─── Dataset records

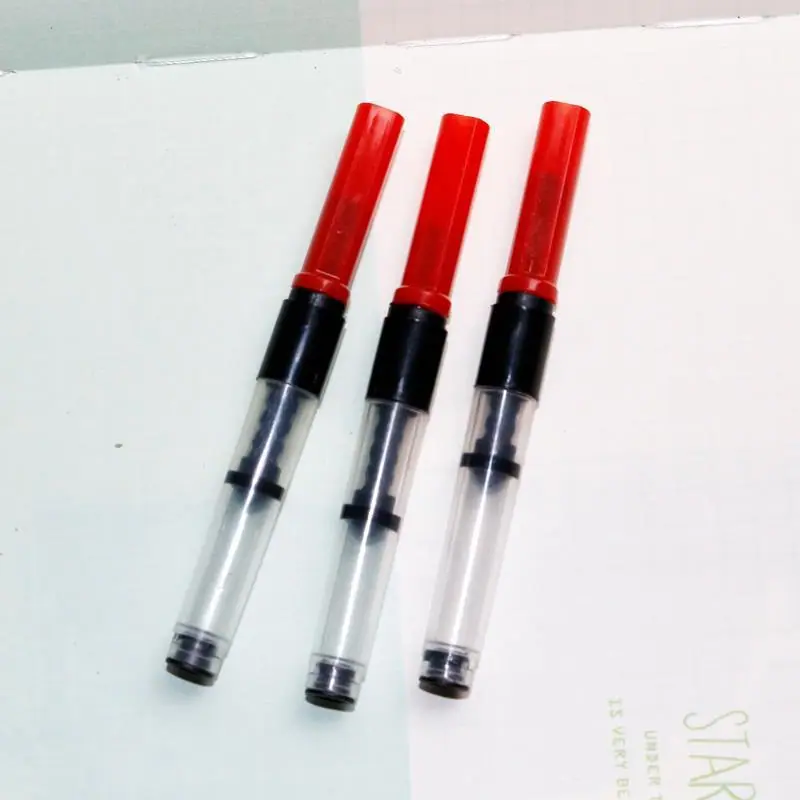 94DF57461723CF9BA90B7DFAE2AD34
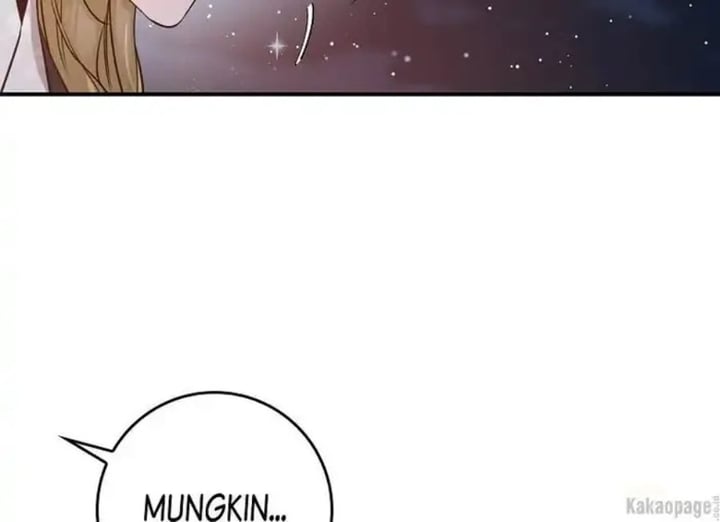 Baca The Strongest Villainess - Chapter 73 halaman 188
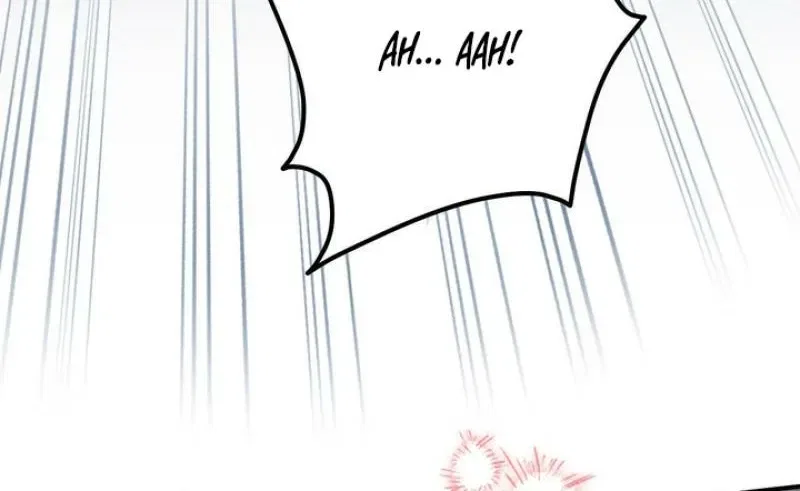 Lascivious Strawberry Milk Chapter 37 – Page 48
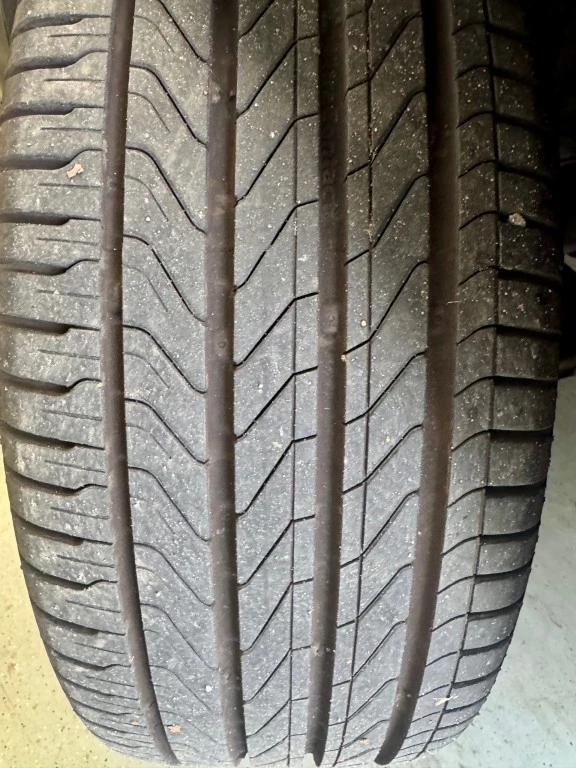 Hoofdafbeelding Opel Meriva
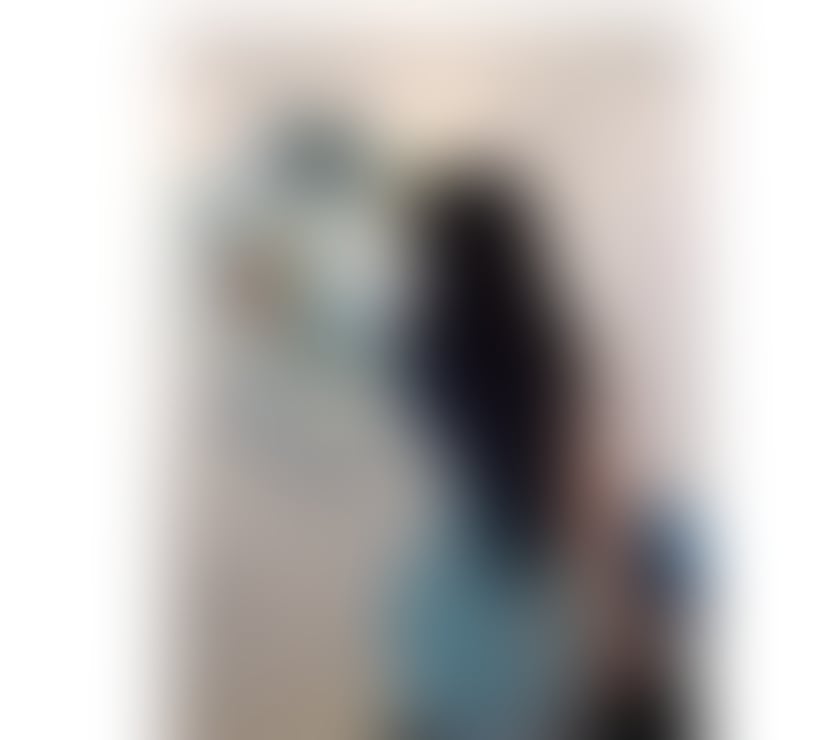 DIANA💖💦BEST OWO 🔥PARTY🥃🥳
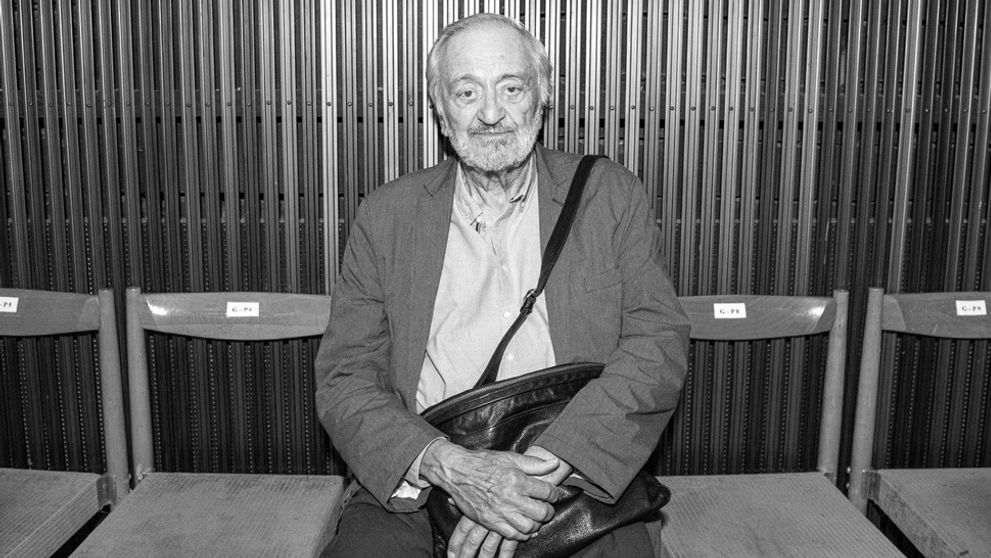 Prvé slová dcéry Milana Lasicu: Vaša spoluúčasť zmiernila náš žiaľ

──────

*Work item*. You need to restate all of the entries above exactly and leave the pictures behind.

*Finished task*.
 94DF57461723CF9BA90B7DFAE2AD34
 Baca The Strongest Villainess - Chapter 73 halaman 188
 Lascivious Strawberry Milk Chapter 37 – Page 48
 Hoofdafbeelding Opel Meriva
 DIANA💖💦BEST OWO 🔥PARTY🥃🥳
 Prvé slová dcéry Milana Lasicu: Vaša spoluúčasť zmiernila náš žiaľ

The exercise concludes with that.